Task directions> Word for word, and without a single picture, repeat the entries.

Given entries>

+ + + + + + +

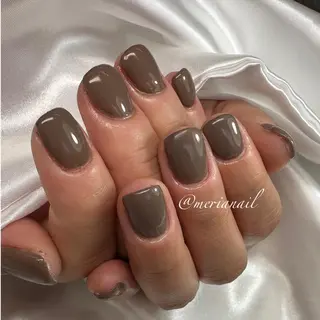 ショート カラー メンズ キッズ ネイル アイブロウ INFINITY所属・INFINITY nailのネイルデザイン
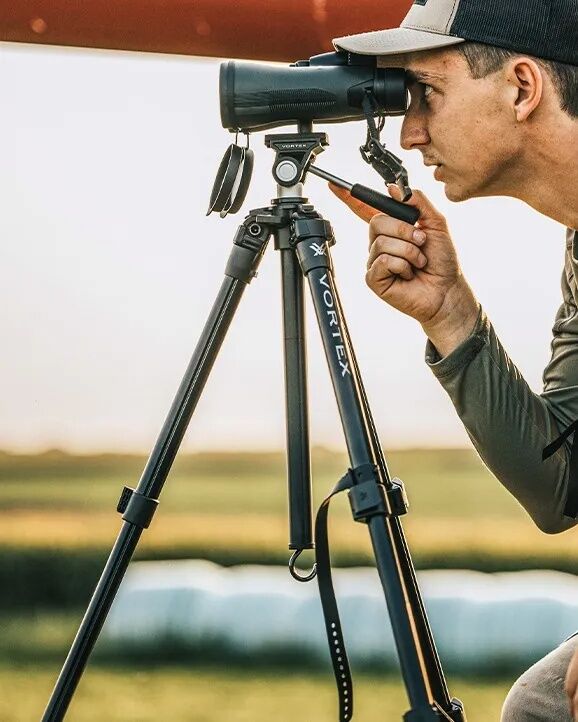 Vortex Optics Mountain Pass Aluminum Tripod + Pan Head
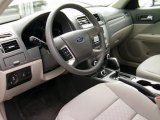 2010 Ford Fusion SE Medium Light Stone Interior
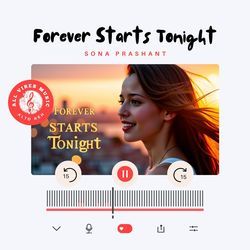 Forever Starts Tonight | Sona Prashant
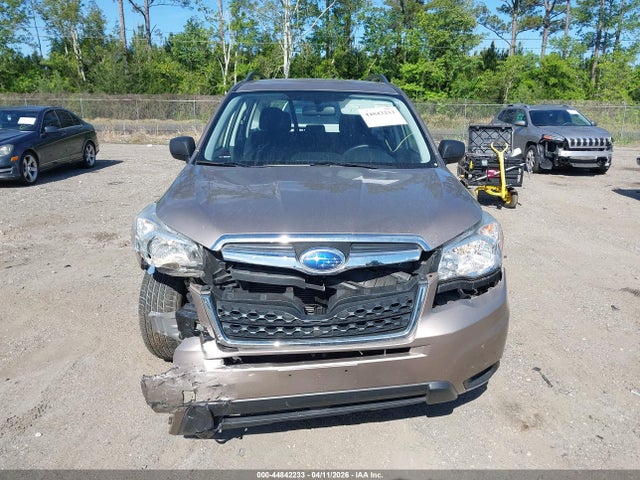 Продажа на аукционе авто 2015 Subaru Forester 2.5i, vin: JF2SJABC9FH462586, номер лота: 44842233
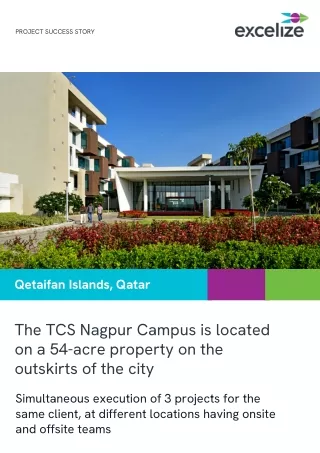 Case Study Information Technology (IT) – Park, Nagpur (India)
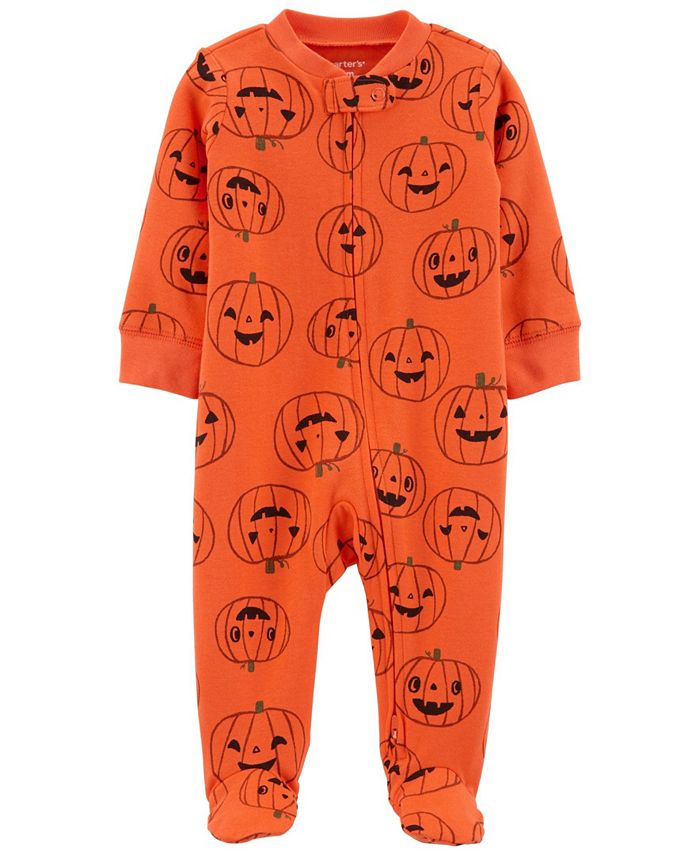 Carters halloween shop pajamas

+ + + + + + +

Task output>
 ショート カラー メンズ キッズ ネイル アイブロウ INFINITY所属・INFINITY nailのネイルデザイン
 Vortex Optics Mountain Pass Aluminum Tripod + Pan Head
 2010 Ford Fusion SE Medium Light Stone Interior
 Forever Starts Tonight | Sona Prashant
 Продажа на аукционе авто 2015 Subaru Forester 2.5i, vin: JF2SJABC9FH462586, номер лота: 44842233
 Case Study Information Technology (IT) – Park, Nagpur (India)
 Carters halloween shop pajamas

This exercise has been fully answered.